Dorten continued to convene meetings of properly authorized officials and representatives in the Rhineland to try and obtain legitimacy and agreement from the towns and rural districts for the support of his objectives. His efforts met with some limited success in the southern part of the Rhineland. Not withstanding several setbacks, Dorten was able to find politically like-minded allies, including Dr. Franz Geueke, the publisher of the Rheinische Volkszeitung, the regional newspaper. It subsequently transpired that also on various occasions during 1919, he held talks at his home at Hilda Street 14 in Wiesbaden with officers from the French army of occupation, including General Mangin himself. The French made no secret of their enthusiasm the idea of peeling the Rhineland off from the rest of Germany, and they encouraged Dorten to create an independent Rhenish Republic, which from their point of view could become part of a larger solution to the "German problem". But rumours that Dorten might be "negotiating" with the French occupiers were costly in terms of support among the Rhinelanders. French military occupation and the massive economic burden blamed on reparations being paid to the French were causing real economic hardship, and a campaign of passive resistance ensued. Dorten openly opposed the passive resistance which he said was self-defeating, wrecking the economy and further impoverishing Rhinelanders. His pragmatic judgements regarding the economic interests of his region completely failed to capture the popular mood, however. Dorten's regional nationalist objectives, as far as the matter can be judged from available sources, involved separating the Rhineland from the "Prussian state" which was widely blamed for the disaster of the war, but his goals always stopped short of complete independence for the Rhineland from the rest of the German state, for which he envisaged a more federal structure than was, at that time, on offer.

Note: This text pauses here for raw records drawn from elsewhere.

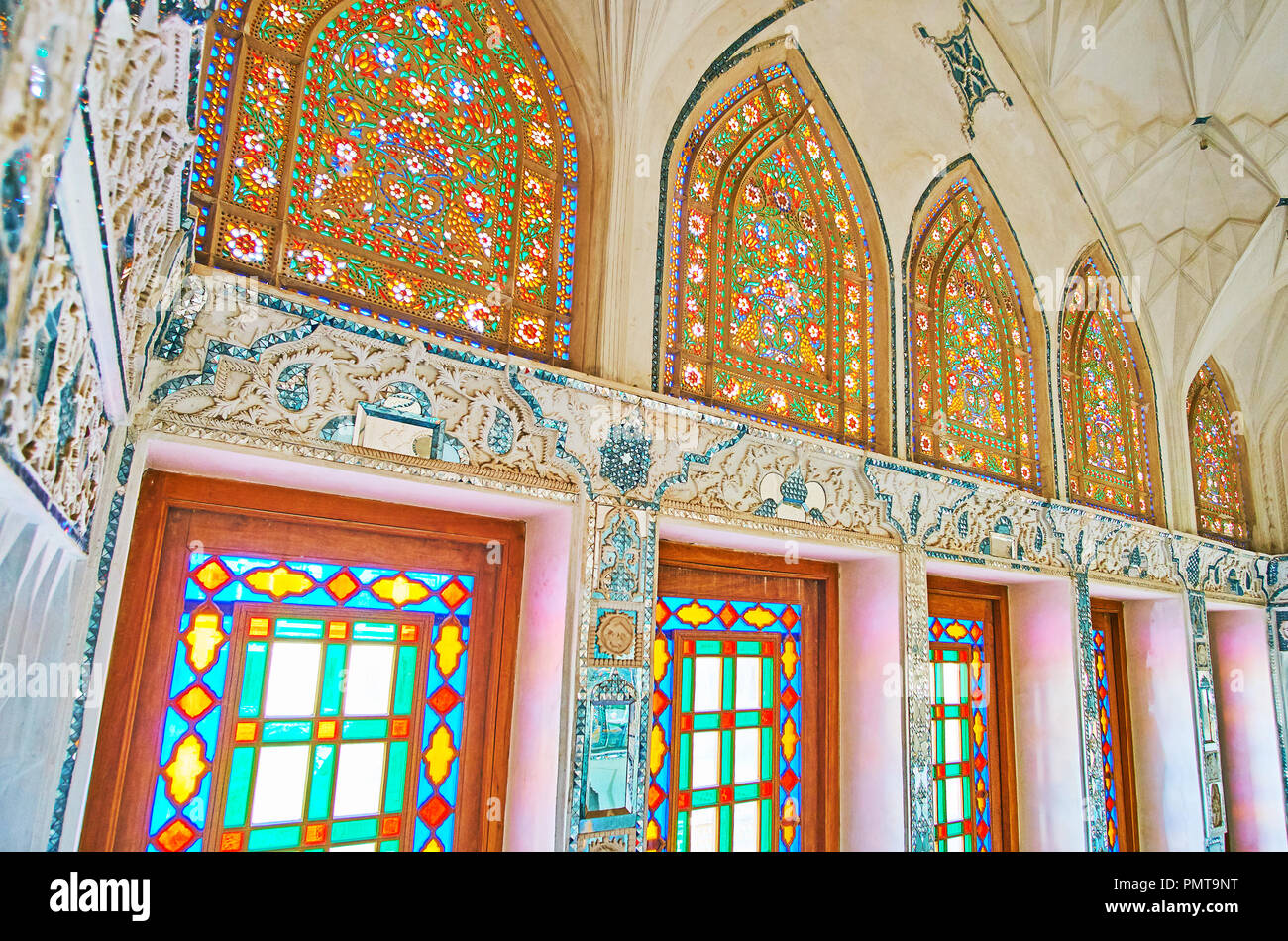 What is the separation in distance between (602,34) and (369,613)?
7.42ft

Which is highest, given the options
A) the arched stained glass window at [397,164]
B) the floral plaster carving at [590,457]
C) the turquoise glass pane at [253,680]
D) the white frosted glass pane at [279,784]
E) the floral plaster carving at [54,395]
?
the arched stained glass window at [397,164]

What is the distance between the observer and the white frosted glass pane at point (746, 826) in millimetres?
3137

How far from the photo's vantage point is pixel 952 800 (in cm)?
392

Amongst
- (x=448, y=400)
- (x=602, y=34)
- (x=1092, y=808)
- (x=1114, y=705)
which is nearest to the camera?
(x=448, y=400)

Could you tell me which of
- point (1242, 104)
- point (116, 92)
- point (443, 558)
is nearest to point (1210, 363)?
point (1242, 104)

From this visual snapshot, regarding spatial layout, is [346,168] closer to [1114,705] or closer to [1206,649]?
[1114,705]

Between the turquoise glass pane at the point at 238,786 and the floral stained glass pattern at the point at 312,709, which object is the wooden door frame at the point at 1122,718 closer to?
the floral stained glass pattern at the point at 312,709

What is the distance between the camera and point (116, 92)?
1.07 meters

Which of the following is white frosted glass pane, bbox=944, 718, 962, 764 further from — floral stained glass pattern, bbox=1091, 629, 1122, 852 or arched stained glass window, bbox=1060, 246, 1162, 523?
arched stained glass window, bbox=1060, 246, 1162, 523

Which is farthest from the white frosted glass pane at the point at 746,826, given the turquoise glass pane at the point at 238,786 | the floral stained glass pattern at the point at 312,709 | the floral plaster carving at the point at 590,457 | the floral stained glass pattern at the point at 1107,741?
the floral stained glass pattern at the point at 1107,741

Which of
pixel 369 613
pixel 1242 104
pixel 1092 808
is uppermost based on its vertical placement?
pixel 1242 104

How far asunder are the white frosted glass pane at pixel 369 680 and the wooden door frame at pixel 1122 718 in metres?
4.32

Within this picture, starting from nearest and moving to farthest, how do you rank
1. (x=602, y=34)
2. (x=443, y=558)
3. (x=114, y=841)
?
(x=114, y=841) < (x=443, y=558) < (x=602, y=34)

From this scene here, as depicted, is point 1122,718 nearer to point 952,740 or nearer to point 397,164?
point 952,740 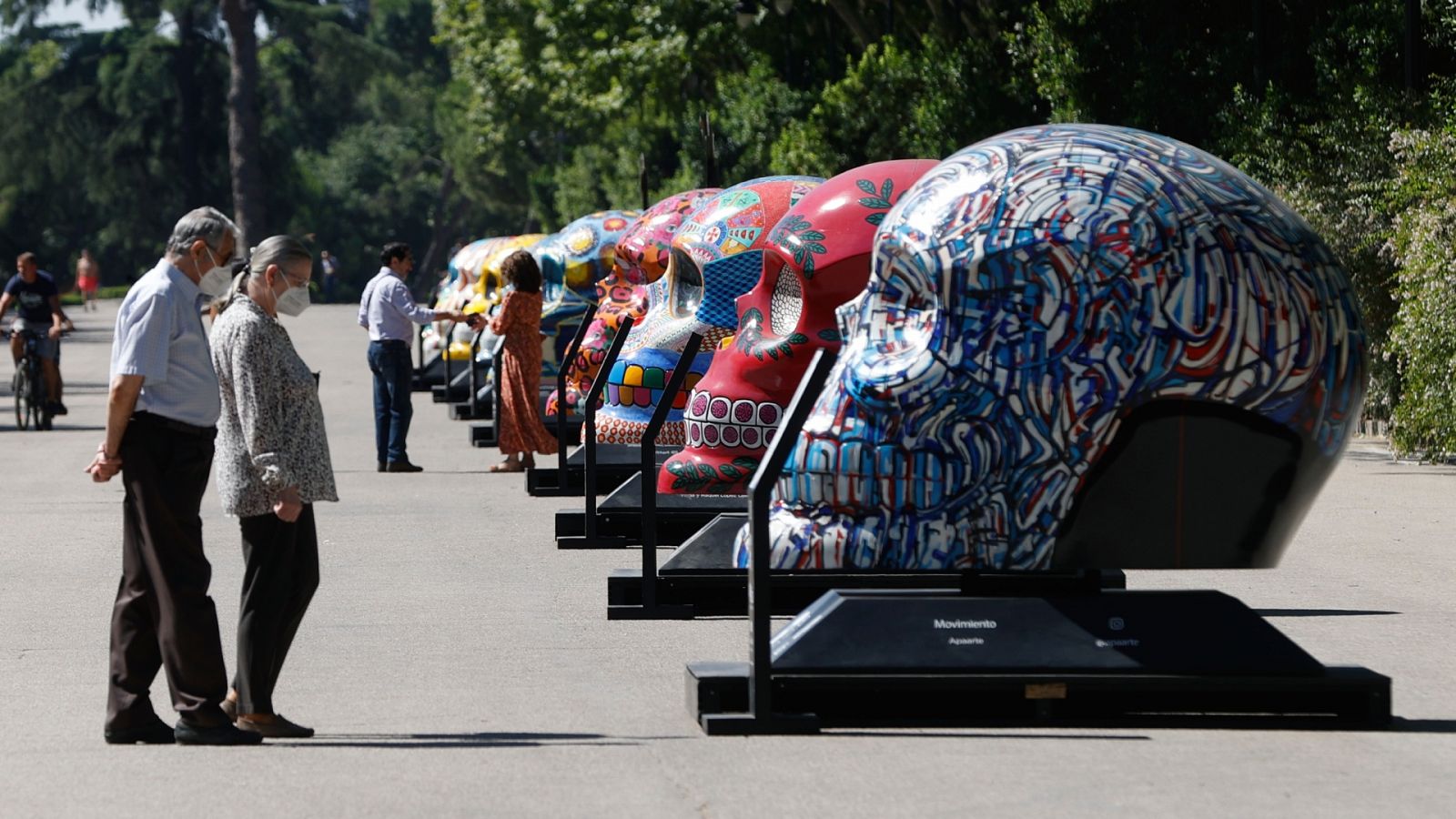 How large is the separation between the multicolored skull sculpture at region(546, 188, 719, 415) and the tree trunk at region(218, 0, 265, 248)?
4844 centimetres

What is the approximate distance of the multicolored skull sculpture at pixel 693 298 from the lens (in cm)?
1256

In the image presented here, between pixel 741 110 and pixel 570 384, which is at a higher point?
pixel 741 110

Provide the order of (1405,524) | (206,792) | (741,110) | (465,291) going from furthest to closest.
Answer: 1. (741,110)
2. (465,291)
3. (1405,524)
4. (206,792)

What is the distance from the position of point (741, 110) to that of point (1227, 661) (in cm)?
3093

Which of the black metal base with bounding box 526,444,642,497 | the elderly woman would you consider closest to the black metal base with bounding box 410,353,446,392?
the black metal base with bounding box 526,444,642,497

===Proclamation of the Rhenish Republic in Wiesbaden===
The Rhenish Republic was proclaimed in Wiesbaden on 1 June 1919, with Hans Adam Dorten as its "president". After a week, it was impossible to deny that the "Putsch" had failed, in the face of large-scale popular protests, and opposition from all the municipal councils and other relevant organisations in the region. Dorten had expected backing from the French occupation forces, but they took a position of strict neutrality. The founders of the Rhenish Republic were unable to pursue their project in the face of combined opposition from the people and the municipalities.

A warrant was issued by the Leipzig based Supreme Court for Dorten's arrest, on a charge of treason; but the warrant could not be executed in the Rhineland due to the occupation.

===Separatist agitation after the failed "Putsch"===
Dorten did not give up. 26 August 1923 found him in Mönchengladbach, attempting to address a rally. The separatists were attacked by "nationalists loyal to the Berlin government", and Dorten had to pretend to be an American journalist in order to escape the mob.

There was another attempt to establish a Rhenish Republic in October 1923, and Dorten again played a leading role. Together with Josef Matthes he set up a "provisional government of the Rhenish Republic" in Koblenz. Following differences, the next month he proclaimed a government for the southern part of the Rhineland in Bad Ems. This insurrection also failed because widespread popular opposition, and because of a falling off in support from the French military authorities.

===French exile===
Following his latest failure to establish a Rhenish Republic, on the night of 31 December 1923 to 1 January 1924, Hans Adam Dorten made his way to France, settling at Nice in the south-east of the country. In 1927, he resumed work as a lawyer, and in 1928 he took French citizenship.

His memoirs were finished in 1937 under the title "La Tragédie Rhénane". The volume was published only in 1945, to be followed by a German language translation in 1979.